What needs to be done | The whole listing, pictures aside, should be reproduced exactly.

Stored data |
_ _ _

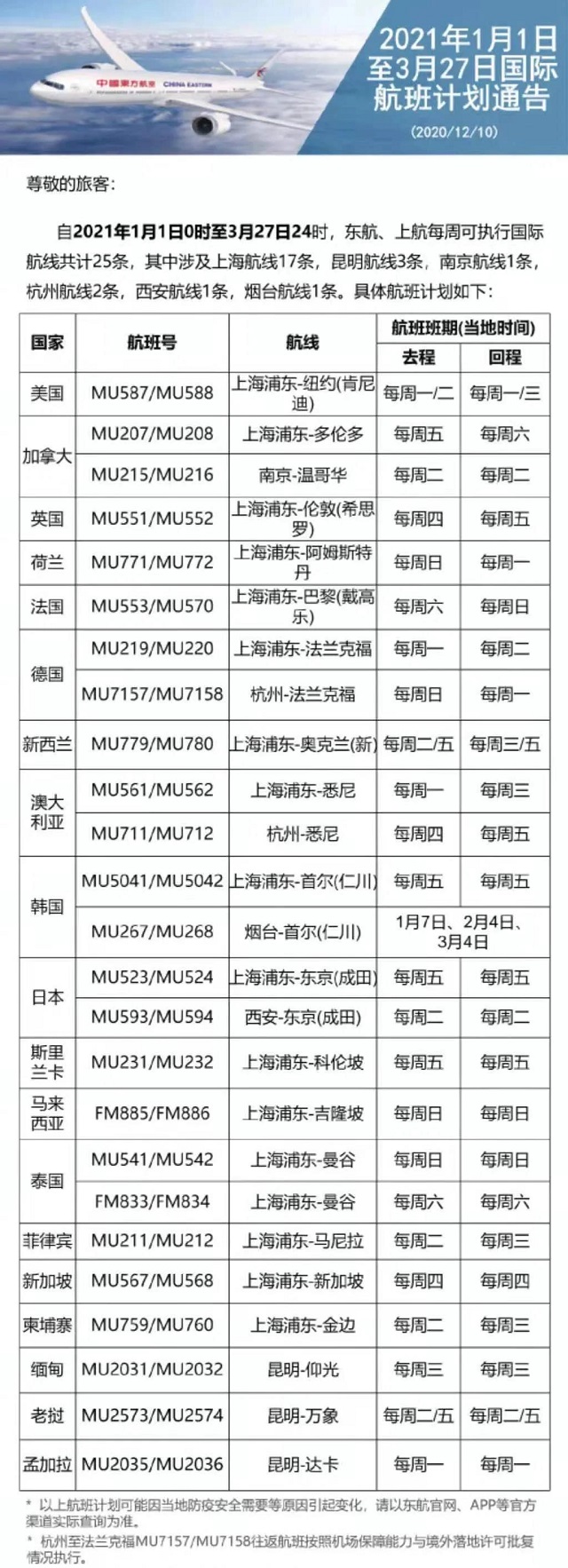 最新日本航班信息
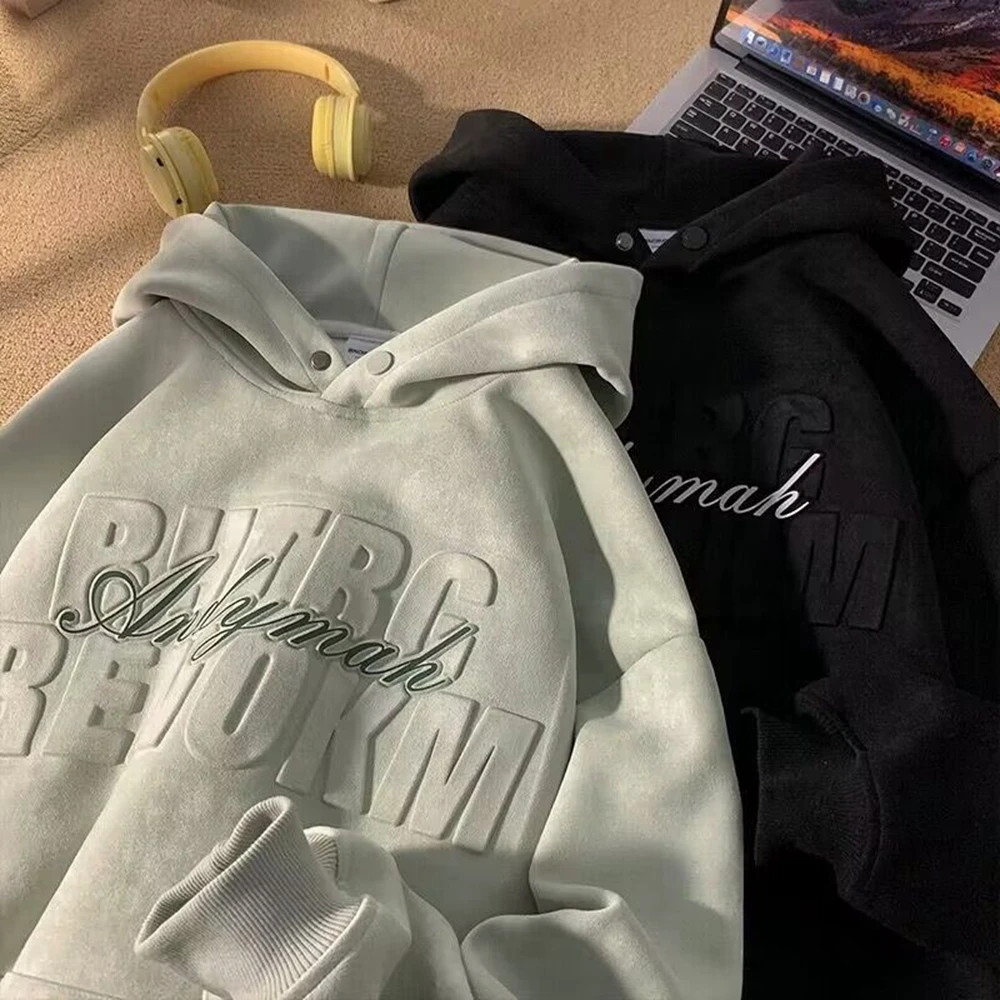 

2023 Men's Fashion Brand Sweater Suede Hooded Hip Hop Street Coat Fashion New American Retro Hoodie Loose Relaxed Pullover Top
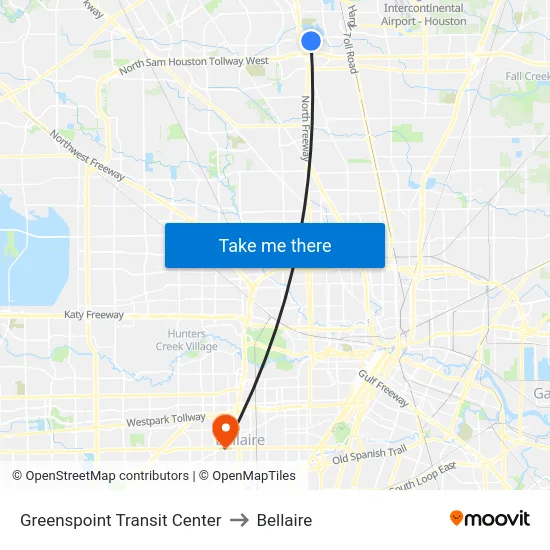 Greenspoint Transit Center to Bellaire map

_ _ _

Your response |
 最新日本航班信息

2023 Men's Fashion Brand Sweater Suede Hooded Hip Hop Street Coat Fashion New American Retro Hoodie Loose Relaxed Pullover Top
 Greenspoint Transit Center to Bellaire map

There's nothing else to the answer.